Perhaps. But these campaigns aren’t free. Her deep-pocketed super PAC pals are working to raise more money as a protest against Trump’s return to power. But ultimately the candidate herself needs to be able to show she can deliver voters. It’s as trite as it is true: campaigns don’t run out of steam, but they do run out of donors who are willing to keep writing checks. The brutal trifecta of South Carolina Sen. Tim Scott, Gov. Henry McMaster, and Rep. Nancy Mace all lining up with Trump left plenty of Palmetto State insiders piqued by the perceived lack of loyalty—and reminded them that Trump is still an unmatched bully.
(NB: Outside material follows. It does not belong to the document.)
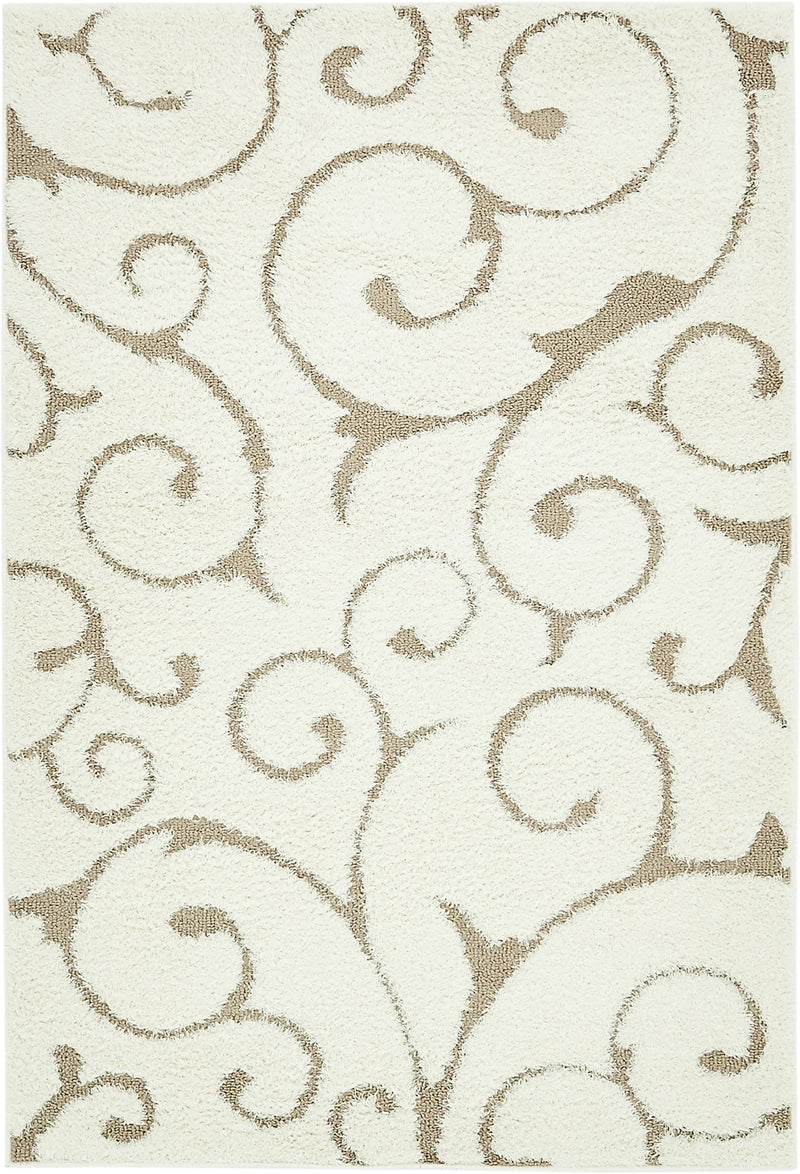 Botanical Bliss Shag Collection Area Rug - Blossomdale Rectangle Ivory Brown  lifestyle 5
There will be a good number of bank transfers on the donors’ screens as the polls close on Tuesday. Hitting the confirm button will hinge on how those donors are conditioned to see Haley’s numbers, and whether there is a reasonable belief that Haley is getting close to her goals, or if Trump is simply too big of a force to bump off course. Now that it’s a one-on-one race for the nomination, the verdict will be apparent, and quickly. For Haley, who has been pining for this exact head-to-head with her former boss, there’s nowhere to hide if this goes sideways.